Key U.S. markets—Mexico (+6%), China/Hong Kong (+16%), Canada (+11%), Japan (+3%), South Korea (+2%) and the Middle East/North Africa (+16%)—all boosted their U.S. purchases. Only Southeast Asia (-4%) declined among major U.S. customers.
Second half softness
Despite the positive overall advancement, the second half of 2012 illustrated a marked difference from the first. U.S. export volumes grew nearly 8% January-June, compared to the same period the previous year, but declined 2% July-December. And aggregate U.S. export volume in the second half was 9% lower than shipments in the first half.
"Our export softness in the second half primarily stems from unfavorable pricing shifts," says Suber.
In the first half of 2012, near-perfect weather and strong returns for dairy farmers in major export regions triggered record milk production, pushing global prices about 20% lower, on average, than the previous year. When the U.S. drought hit, domestic supply concerns sent U.S. prices, which had been tracking closely with Oceania, sharply higher.
Meanwhile, world demand held strong. Shipments from the world's top five exporters (Argentina, Australia, the European Union, New Zealand and the United States) for July-December 2012 grew about 9%. But Oceania suppliers picked up share of this growing trade at the expense of the United States.

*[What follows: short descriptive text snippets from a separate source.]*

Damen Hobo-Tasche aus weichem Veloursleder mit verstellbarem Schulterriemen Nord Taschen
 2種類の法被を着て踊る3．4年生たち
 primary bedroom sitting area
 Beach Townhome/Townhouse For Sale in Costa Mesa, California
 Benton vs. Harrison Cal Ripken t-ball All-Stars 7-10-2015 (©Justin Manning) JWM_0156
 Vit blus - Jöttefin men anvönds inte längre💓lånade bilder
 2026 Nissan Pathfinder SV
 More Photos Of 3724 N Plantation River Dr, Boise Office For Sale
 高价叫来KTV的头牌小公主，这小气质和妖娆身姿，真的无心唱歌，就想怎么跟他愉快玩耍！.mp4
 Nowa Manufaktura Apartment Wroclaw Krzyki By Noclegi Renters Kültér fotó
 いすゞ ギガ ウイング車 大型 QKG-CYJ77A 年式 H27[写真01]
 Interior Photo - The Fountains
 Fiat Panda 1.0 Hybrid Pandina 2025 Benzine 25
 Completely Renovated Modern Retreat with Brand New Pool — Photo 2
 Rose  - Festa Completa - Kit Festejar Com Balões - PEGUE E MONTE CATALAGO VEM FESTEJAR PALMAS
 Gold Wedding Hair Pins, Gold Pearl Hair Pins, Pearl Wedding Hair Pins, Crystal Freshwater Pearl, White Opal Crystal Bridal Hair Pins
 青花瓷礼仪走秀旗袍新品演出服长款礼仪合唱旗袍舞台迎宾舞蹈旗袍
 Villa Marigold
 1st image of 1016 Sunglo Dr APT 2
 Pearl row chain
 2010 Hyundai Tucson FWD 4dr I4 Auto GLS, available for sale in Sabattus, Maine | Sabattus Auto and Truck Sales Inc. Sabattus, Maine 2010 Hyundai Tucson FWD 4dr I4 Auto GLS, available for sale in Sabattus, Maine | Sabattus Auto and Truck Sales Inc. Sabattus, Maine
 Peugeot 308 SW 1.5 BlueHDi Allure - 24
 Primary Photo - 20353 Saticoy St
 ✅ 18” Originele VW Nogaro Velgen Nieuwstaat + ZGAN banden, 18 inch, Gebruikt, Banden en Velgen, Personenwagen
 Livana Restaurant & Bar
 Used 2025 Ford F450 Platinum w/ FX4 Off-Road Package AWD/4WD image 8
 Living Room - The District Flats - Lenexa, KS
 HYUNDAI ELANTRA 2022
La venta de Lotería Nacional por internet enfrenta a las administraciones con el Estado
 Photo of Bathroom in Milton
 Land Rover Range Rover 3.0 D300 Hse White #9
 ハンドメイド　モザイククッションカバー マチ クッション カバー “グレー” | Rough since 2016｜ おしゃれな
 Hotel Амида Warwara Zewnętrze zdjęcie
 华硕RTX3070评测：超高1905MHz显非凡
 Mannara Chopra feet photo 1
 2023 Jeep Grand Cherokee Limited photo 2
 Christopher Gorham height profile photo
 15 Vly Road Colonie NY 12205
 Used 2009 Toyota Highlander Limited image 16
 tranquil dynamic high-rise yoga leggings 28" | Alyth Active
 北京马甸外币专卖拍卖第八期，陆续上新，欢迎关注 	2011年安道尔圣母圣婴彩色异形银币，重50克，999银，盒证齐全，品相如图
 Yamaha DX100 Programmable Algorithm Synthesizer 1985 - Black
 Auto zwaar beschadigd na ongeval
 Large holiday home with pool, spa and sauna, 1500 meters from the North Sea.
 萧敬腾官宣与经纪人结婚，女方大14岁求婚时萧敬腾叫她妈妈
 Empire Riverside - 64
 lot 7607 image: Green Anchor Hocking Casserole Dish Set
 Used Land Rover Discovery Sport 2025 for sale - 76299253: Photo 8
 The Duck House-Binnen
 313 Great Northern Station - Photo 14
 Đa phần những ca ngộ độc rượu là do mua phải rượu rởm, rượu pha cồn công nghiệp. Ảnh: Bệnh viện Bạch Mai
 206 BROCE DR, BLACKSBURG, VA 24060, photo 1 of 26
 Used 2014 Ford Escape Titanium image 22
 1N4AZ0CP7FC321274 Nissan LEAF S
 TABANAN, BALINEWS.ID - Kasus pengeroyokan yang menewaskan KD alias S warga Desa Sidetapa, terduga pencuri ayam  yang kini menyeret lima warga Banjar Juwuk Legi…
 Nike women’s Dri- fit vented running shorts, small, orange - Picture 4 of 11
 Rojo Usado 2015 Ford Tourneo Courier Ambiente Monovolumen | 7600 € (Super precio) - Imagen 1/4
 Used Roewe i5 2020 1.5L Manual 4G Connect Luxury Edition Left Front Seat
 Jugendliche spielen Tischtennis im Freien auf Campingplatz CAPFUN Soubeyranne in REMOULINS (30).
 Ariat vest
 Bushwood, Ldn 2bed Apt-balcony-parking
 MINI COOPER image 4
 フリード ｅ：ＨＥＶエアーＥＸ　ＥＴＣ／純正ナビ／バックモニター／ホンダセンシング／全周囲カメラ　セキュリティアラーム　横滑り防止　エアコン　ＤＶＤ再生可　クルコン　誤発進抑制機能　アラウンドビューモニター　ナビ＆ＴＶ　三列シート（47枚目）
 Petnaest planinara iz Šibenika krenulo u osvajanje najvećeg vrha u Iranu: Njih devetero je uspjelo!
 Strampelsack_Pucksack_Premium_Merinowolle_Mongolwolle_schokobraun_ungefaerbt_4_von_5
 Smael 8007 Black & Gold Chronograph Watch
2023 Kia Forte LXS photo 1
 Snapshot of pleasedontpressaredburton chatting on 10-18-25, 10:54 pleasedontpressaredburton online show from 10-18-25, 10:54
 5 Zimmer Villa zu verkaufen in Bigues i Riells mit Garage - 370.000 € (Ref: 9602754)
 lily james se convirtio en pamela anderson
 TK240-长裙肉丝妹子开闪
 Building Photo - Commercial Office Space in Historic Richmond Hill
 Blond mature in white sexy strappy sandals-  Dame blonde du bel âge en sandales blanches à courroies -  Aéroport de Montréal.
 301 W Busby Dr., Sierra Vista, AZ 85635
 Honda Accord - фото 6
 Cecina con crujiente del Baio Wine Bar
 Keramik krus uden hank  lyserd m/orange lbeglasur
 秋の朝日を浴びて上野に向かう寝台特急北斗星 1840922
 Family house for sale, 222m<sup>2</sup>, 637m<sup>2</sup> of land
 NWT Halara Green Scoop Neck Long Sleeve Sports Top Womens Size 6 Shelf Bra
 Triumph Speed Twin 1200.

"The underlying fundamentals behind rising global dairy consumption remain, but a cyclical price rise in the United States reined in U.S. supplier growth in the second half," says Suber.
Pricing difficulties notwithstanding, there are positives in U.S. suppliers' second-half numbers.
"The fact that U.S. exports did not plummet, as they did following the 2008 financial crisis, supports the contention that U.S. suppliers are maturing in their approach to the export market," says Suber. "The overall U.S. performance reflects a greater industry-wide move towards exports as a strategic growth path."